Beyler, devletin bütçesinden 26 milyon dolar para harcanan, halkın yararlanacağı, milletin, arabasıyla, otomobiliyle, çadırıyla gelip konaklayabileceği bir yer, 26 milyon dolar yatırım yapıldıktan sonra, birilerine peşkeş çekiliyor; buna, el insaf derler.

Gayesi dışında, yasaya aykırı, kalkınma planına ve Güney Antalya master planına da aykırı olarak, 2 000 yatak kapasiteye hizmet edebilecek büyüklükteki bu alanın, 1 000 yatağa indirilerek, bir parsel halinde, tek firmaya verilmesi, bu firma ve sahibinin ne kadar çok kollanıp kayrıldığının ifadesidir.

Ne var ki, 12 Eylül 1997'de, Orman Bakanı ve Turizm Bakanı arasında bir protokol imzalanmıştır. Bu protokole göre: 2634 sayılı Turizm Teşvik Kanunu kapsamına giren devlet ormanı sayılan yerlerde; 2873 sayılı Millî Parklar Kanunu kapsamındaki millî park, tabiat parkı içinde devlet ormanı sayılan yerlerde; 6831 sayılı Orman Kanununun 17/3 üncü maddesi içinde turizm alanı ve merkezi dışında, devlet ormanı olarak ayrılan yerlerde; turizm amaçlı yatırım sahalarının tahsislerinin, tek elden, Turizm Bakanlığınca yürütülmesi karara bağlanmıştır ve "bu protokol, 1 Ocak 1998'de yürürlüğe girer" denilmiştir. Bu protokole göre, Orman Kanununun 17 nci maddesince kendisine verilen tahsis yetkilerini, Orman Bakanı, Turizm Bakanına devretmektedir. Ancak, bu protokol, kasıtlı olarak yürürlüğe sokulmamıştır.
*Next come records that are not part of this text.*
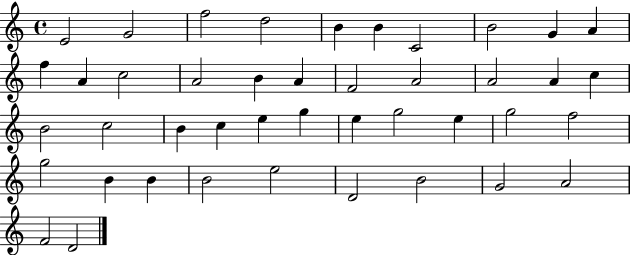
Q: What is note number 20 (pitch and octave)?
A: A4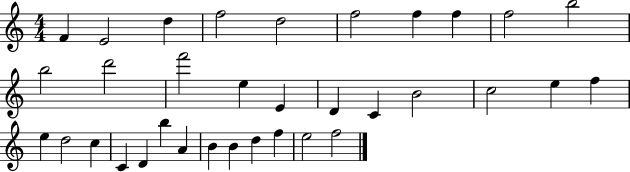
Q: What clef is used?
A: treble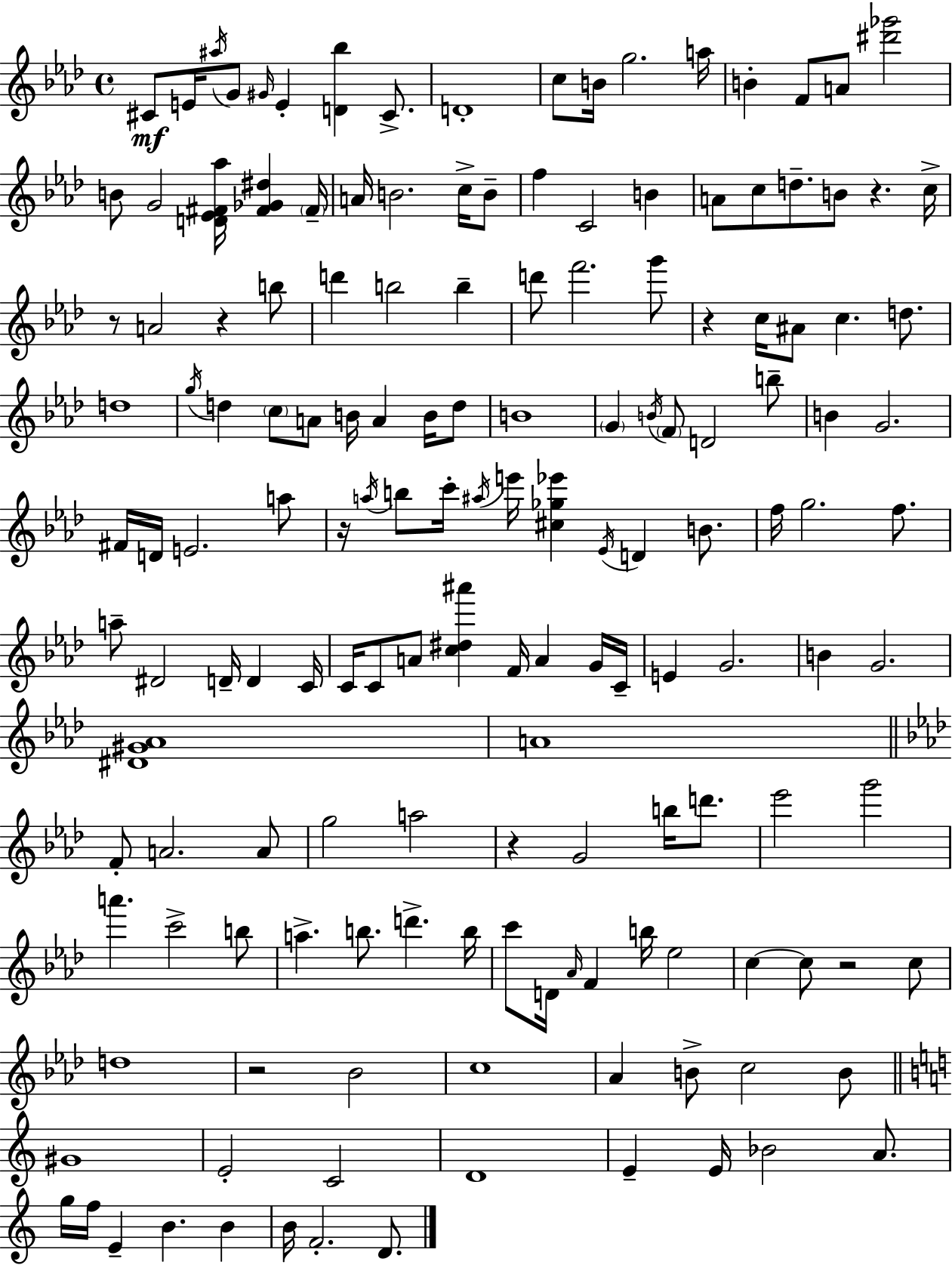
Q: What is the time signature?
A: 4/4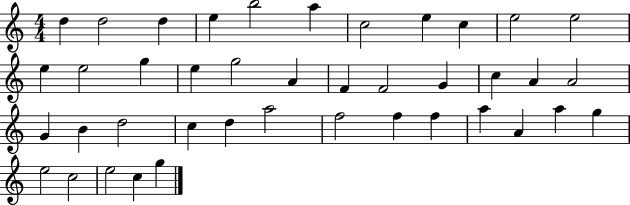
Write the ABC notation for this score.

X:1
T:Untitled
M:4/4
L:1/4
K:C
d d2 d e b2 a c2 e c e2 e2 e e2 g e g2 A F F2 G c A A2 G B d2 c d a2 f2 f f a A a g e2 c2 e2 c g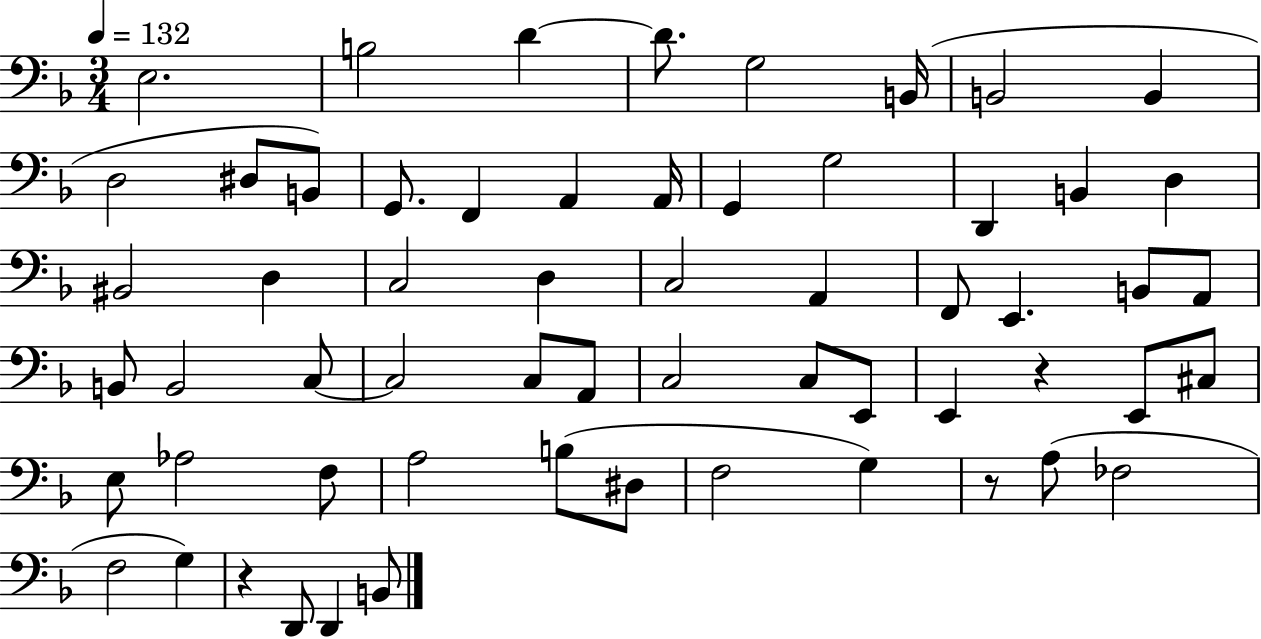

1 Eylül 1997 ile Ocak 1998 arasındaki zaman sürecinde bahis konusu tüm turizme elverişli araziler, 17 günlük bir sürede, bu aylar arasında bir oldubittiye getirilerek dağıtılmıştır. Bundan sonra da, zaten, dağıtılacak arazi kalmamıştır. Orman Bakanının bu yanlı ve hukukdışı davranışıyla ülke yararına olmayan bu tahsisler, Sayın Başbakan Mesut Yılmaz'ın talimatları üzerine yapılmıştır.

Ayrıca, Turizm Bakanlığınca 30.12.1997'de duyurusu yapılıp, 2.2.1998 tarihine kadar müracaatı gereken, 88 parselden oluşan turizm alanının 19 adedi orman arazisidir. Neden bu 19 adet orman arazisinin tahsisi Turizm Bakanlığınca yapılmıştır? Aynı tarihlere rastlayan bu süre içinde, Orman Bakanlığınca, diğer birkısım arazilerin tahsisinin yapılması gerçekleştirilmiştir. Şu ana kadar, gerekli kanunlarda tadilat yapılmaması ve bu protokolde öngörülen hususların yürürlüğe girmemiş olması da kasıtlıdır. Bu acele ve telaşın altındaki gerçekse, turizm alanı ve turizm merkezi ilan edilmeyen yerlerdeki devlet ormanı ile millî parklar ve tabiat parkları içindeki devlet ormanlarını, Turizm Bakanlığının tahsis yetkisinde bırakır gözükerek yağma ve talanı kolaylaştırmak, iki Bakanlık arasında paylaşılabilmesini temin etmek içindir.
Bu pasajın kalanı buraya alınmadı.